[Extracted data entries]
• • • • • • •
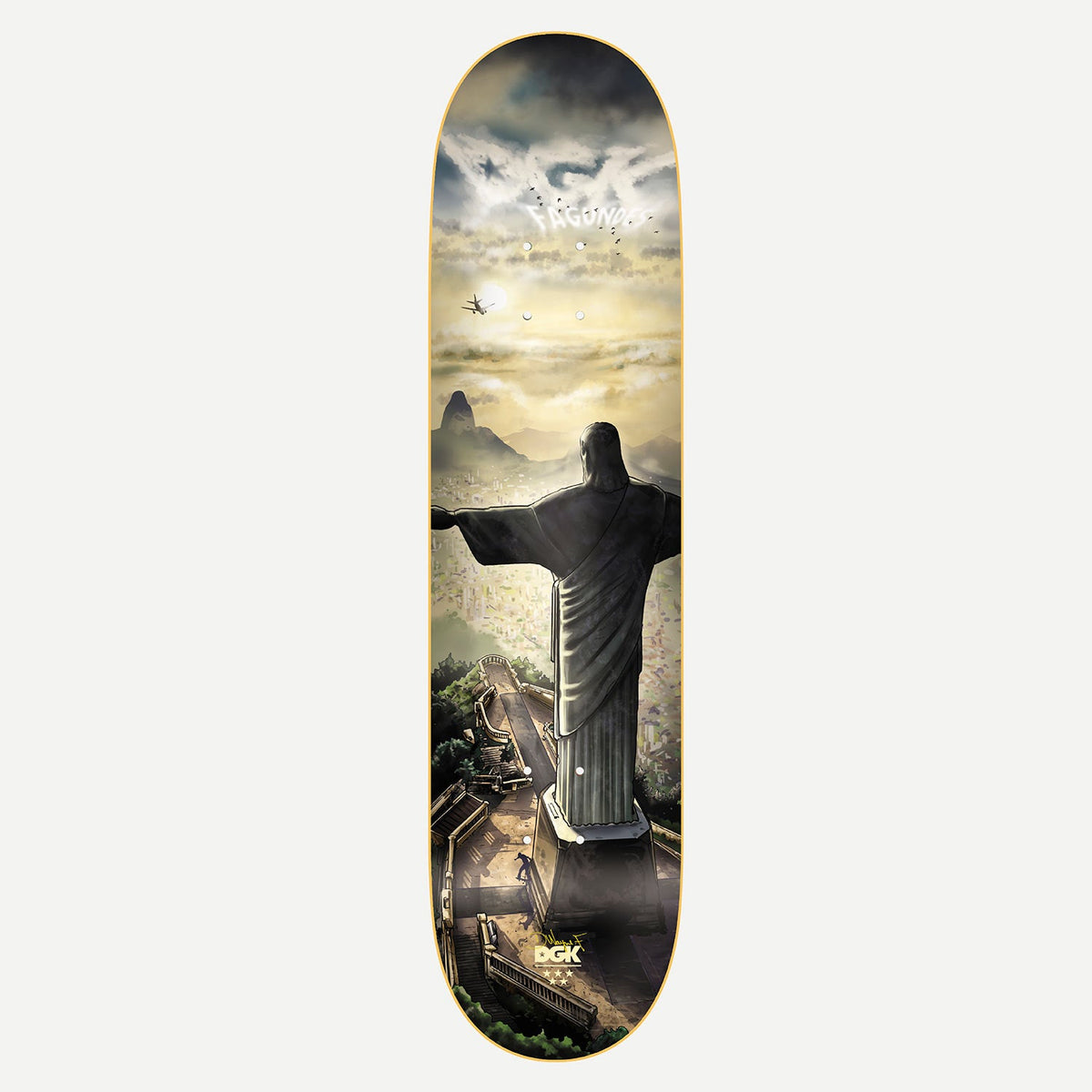 DGK Redeemer Fagundes 8.0 skateboard deck: Rear view of the Christ the Redeemer statue over Rio de Janeiro at sunrise, with Sugarloaf Mountain, hazy hills, a plane and a small skater on the steps below. Cloud lettering of DGK and the rider name sits at the top.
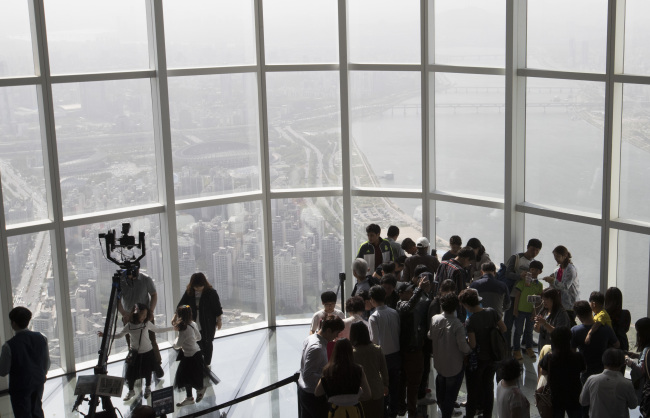 Visitors line up to take a look at the foggy skies of Seoul from the Lotte World Tower Seoul Sky, located in Songpa-gu on Saturday. (Yonhap)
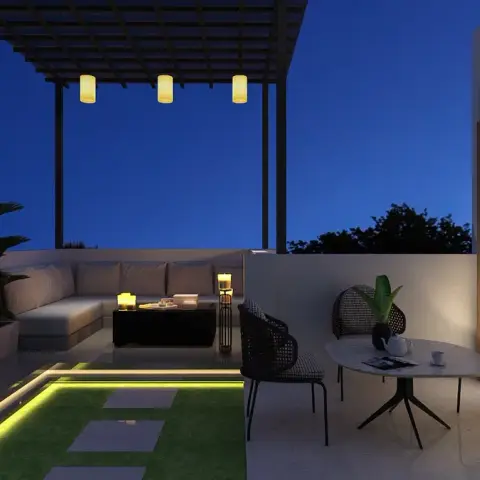 Rooftop terrace at dusk where a steel pergola carries three cylinder lanterns over a built-in L-banquette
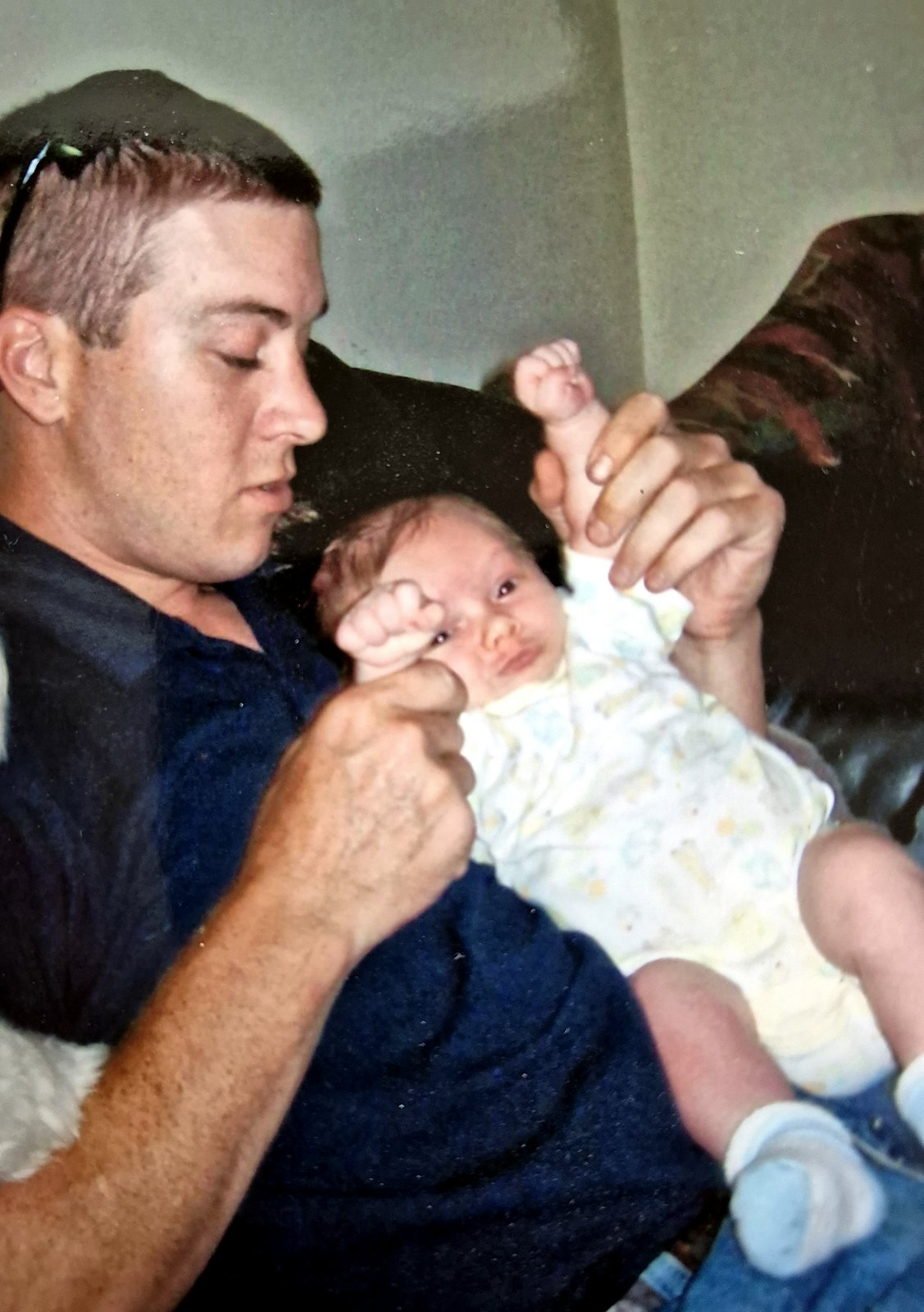 Photo of Patrick holding Maddox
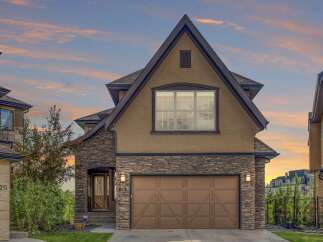 Experience luxury living in this stunning home featuring a striking stone facade and a warm, inviting stucco exterior.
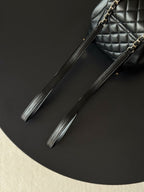 Chanel leather wrist strap with gold chain accents for quilted mini bag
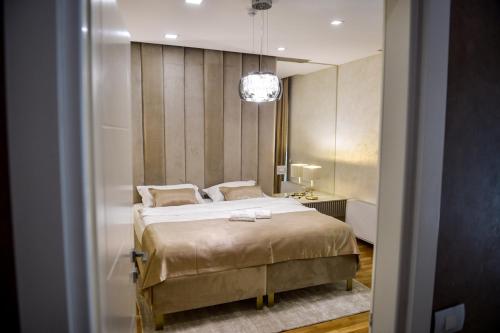 a bedroom with a large bed and a mirror at Villa Dolce Vita in Međugorje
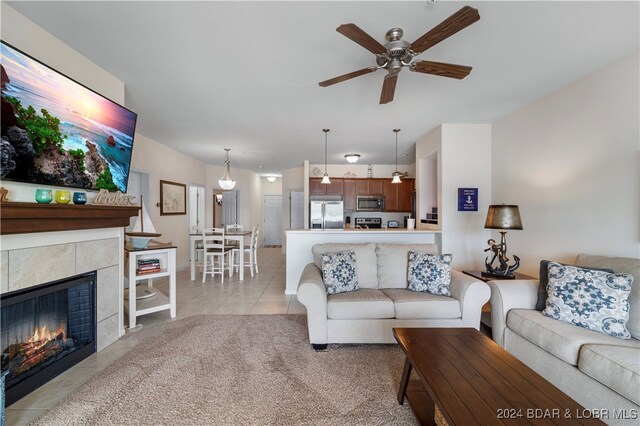 tiled living room featuring ceiling fan and a fireplace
• • • • • • •
Your task is to restate word for word the lines from the top of the data to the line containing "Rooftop terrace at", both ends included, with every picture left out.

 DGK Redeemer Fagundes 8.0 skateboard deck: Rear view of the Christ the Redeemer statue over Rio de Janeiro at sunrise, with Sugarloaf Mountain, hazy hills, a plane and a small skater on the steps below. Cloud lettering of DGK and the rider name sits at the top.
 Visitors line up to take a look at the foggy skies of Seoul from the Lotte World Tower Seoul Sky, located in Songpa-gu on Saturday. (Yonhap)
 Rooftop terrace at dusk where a steel pergola carries three cylinder lanterns over a built-in L-banquette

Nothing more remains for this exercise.